Mid TO LATE April
In April, when the soil is workable and there is no snow in your garden, you can sow peas outdoors. If your garden isn’t ready yet, seed them indoors in a tray of soil and eat the shoots once they’re a few inches tall. You can even try transplanting them outdoors once your garden beds are prepared. Peas, like all legumes, don’t like their roots disturbed, so don’t try to separate them out individually but instead plant them as a mat and harvest them for shoots. Some people successfully start their snow, snap and shelling peas indoors in fiber pots and transplant them outside when they’re a couple inches tall without taking them out of the pot. We recommend you put up a trellis for the peas right away before the garden tempo picks up and you are too busy to do it.
Hardy mustard greens such as the Zesty Mix we grow in little pots are a great way to get a jump on the season. They can be planted in little clumps in garden soil that is dry and thawed (a raised bed for example) and protected with row cover. They can be eaten small as leaves in a salad, or they can be planted in separate clumps that get large for steaming or braising. Those little pots of Zesty Mix are the best value because they are so versatile and mulit-purpose.
Onions and leeks don’t mind the cold, and it is important to get them in as early as possible. We have a whole blog post dedicated to growing onions, take a look at it here.
While you’re waiting for the temperatures to warm up, a good way to satisfy our gardening itch - instead of planting out tender crops too early and watching them perish in a late frost - is to set up our garden instead: Pull out any overwintered weeds, clean up last season’s debris, build a raised bed, put up a trellis, spread a layer of compost, make a succession planting plan, or start some seeds indoors.
May
This is the time to plant all cold season crops: radicchio, lettuce, broccoli, cabbages, beets, fennel, lettuce, kohlrabi, chard…
Potatoes can be planted 2-4 weeks before the last expected frost, when the soil has warmed up to at least 50F. Here in the Northeast this is typically in the month of May. Find our varieties for 2025 here.
late may / early june
After the last chance of a frost has passed (in Vermont, traditionally this is around Memorial Day), it is safe to plant all heat loving vegetables, what we call hot crops: tomatoes, eggplants, peppers, tomatillos, husk cherries. Cucumbers, zucchini, and all types of squashes can be planted as well.

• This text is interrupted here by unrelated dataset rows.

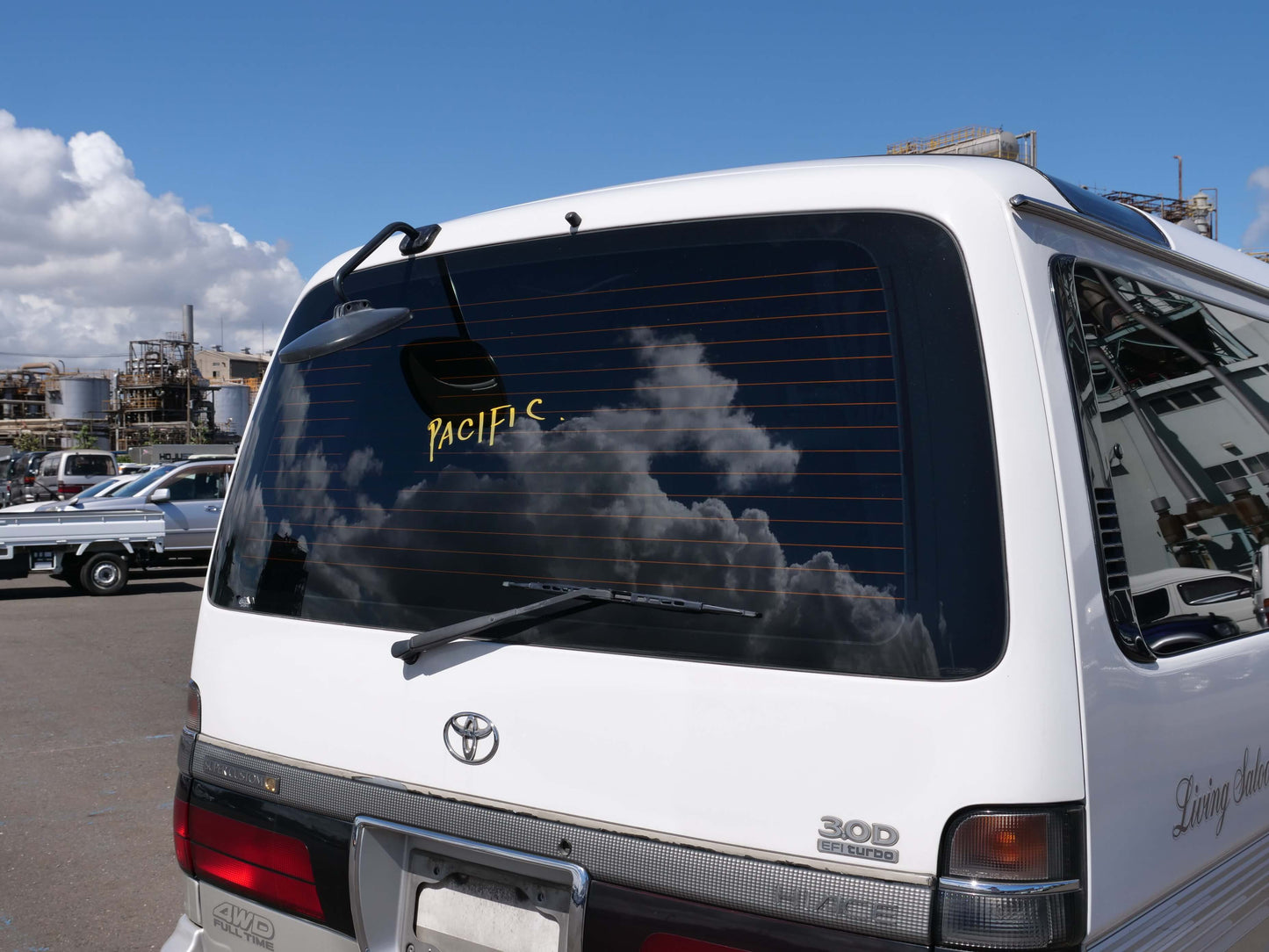 1997 TOYOTA HIACE SUPER CUSTOM 4WD DIESEL VAN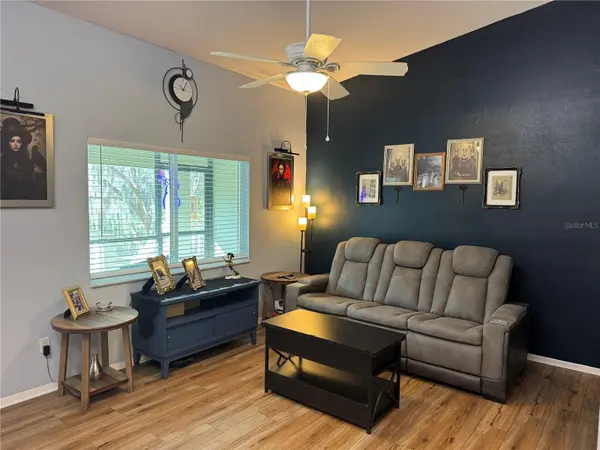 1775 CUPECOY CIR #4, Lutz, FL 33558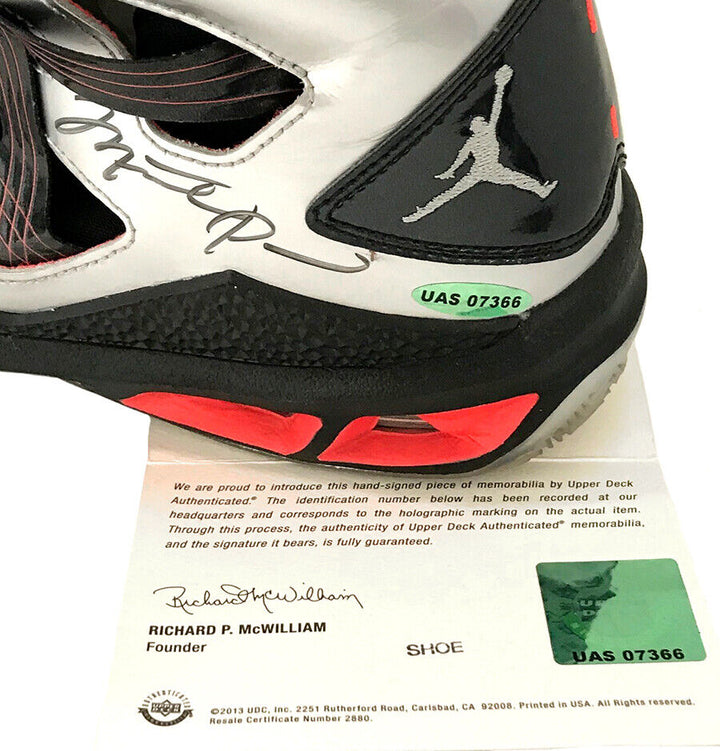 Michael Air Jordan Signed Nike Shoe Chicago Bulls UDA  Image 3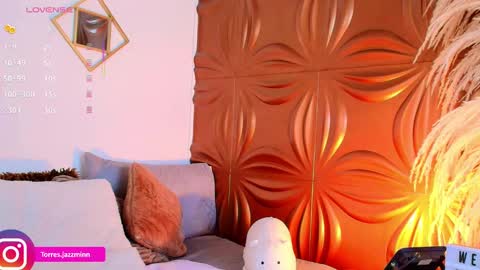 Jazmin online show from October 2025 01:29:02 PM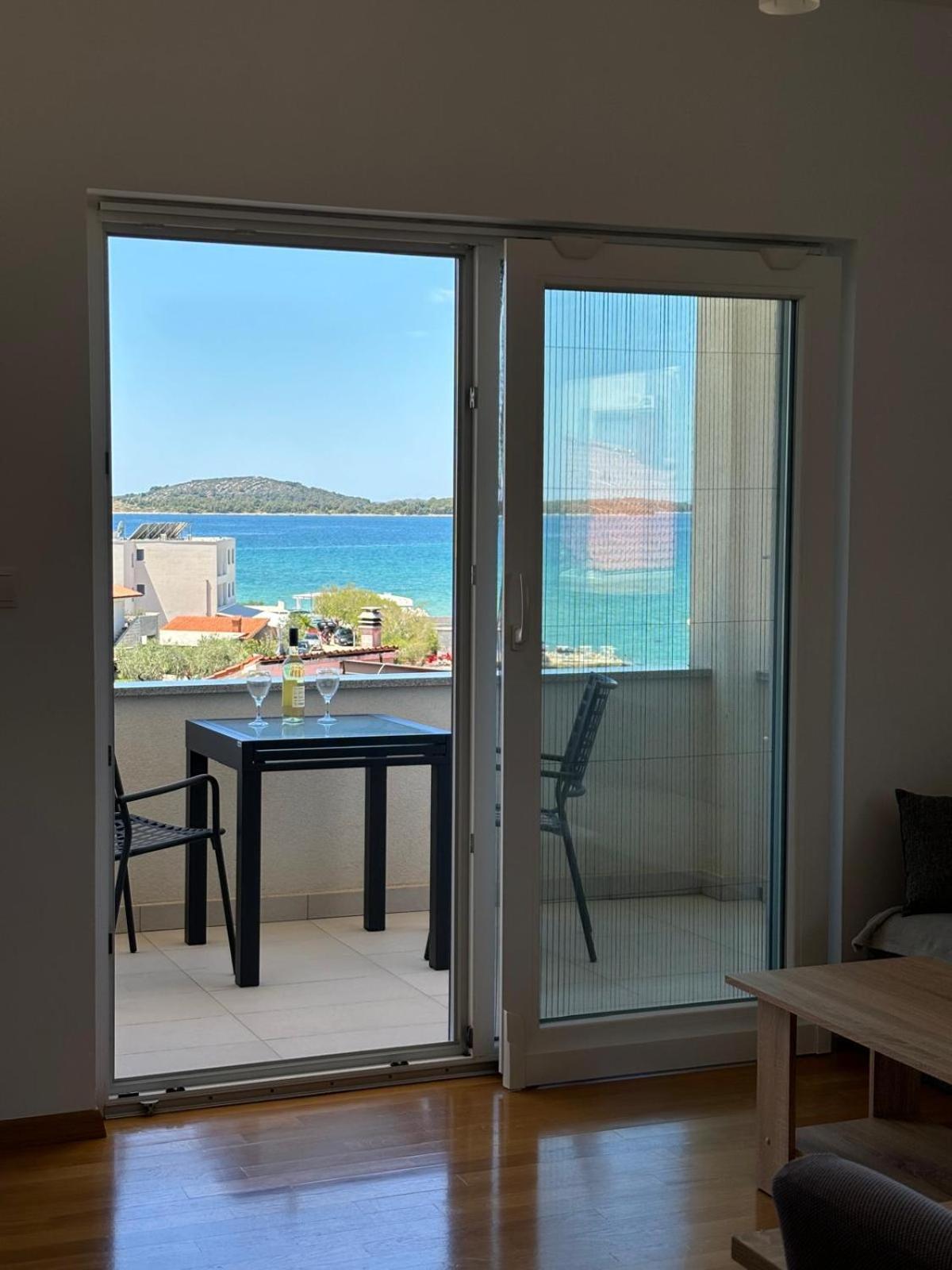 Sea View Apartments 자보리치 외부 사진
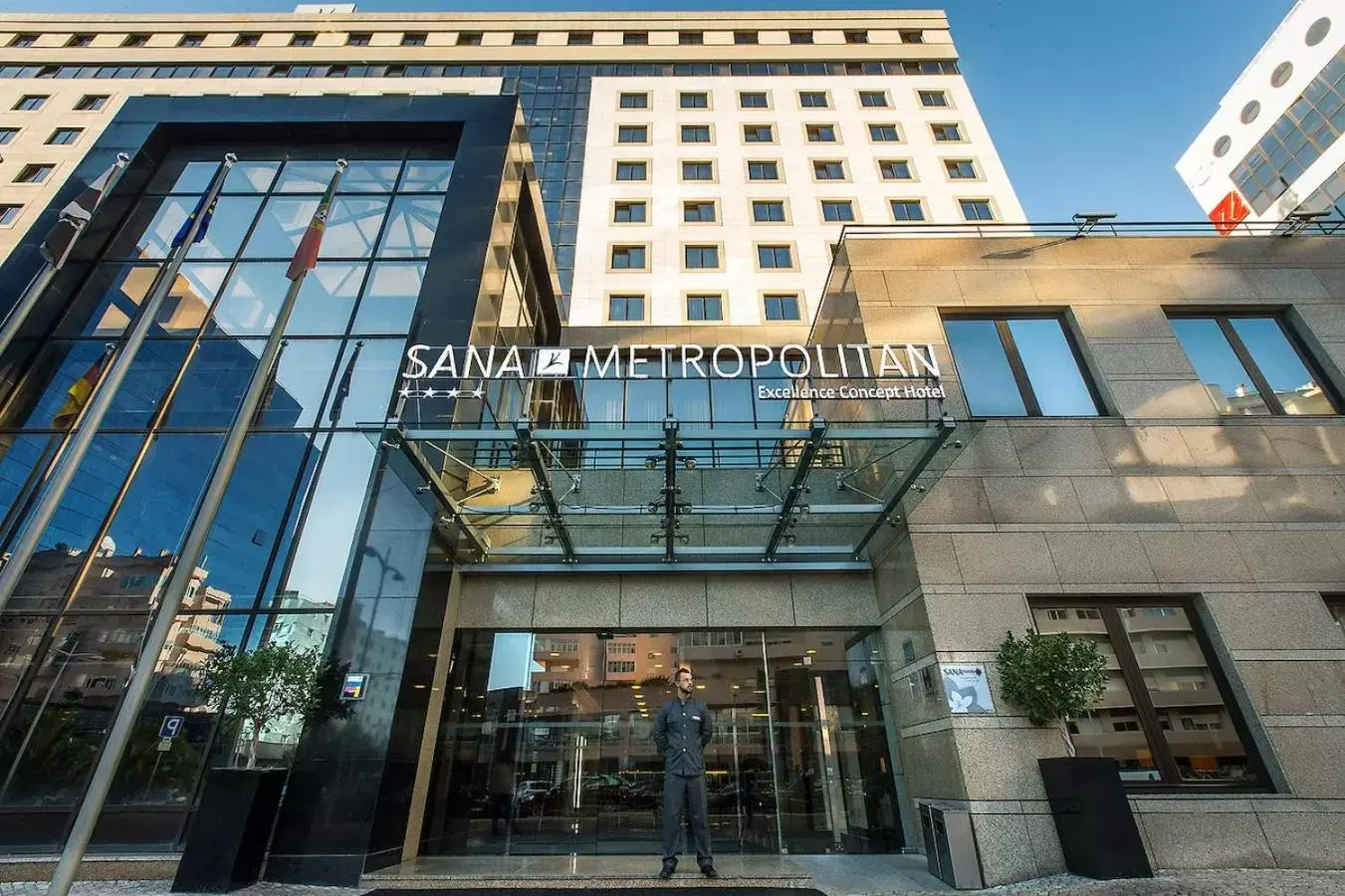 Facade/entrance, Property Building in SANA Metropolitan Hotel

Make sure you harden them off properly before putting them in the ground. Especially if you kept starts under grow lights, they will need to adjust to the outdoor world over the course of several days. Place them outdoors in the shade, protected from wind, during the day time and take them back inside for the night. Repeat this for several days, gradually increasing their exposure to sunlight and the elements, before planting them in the ground.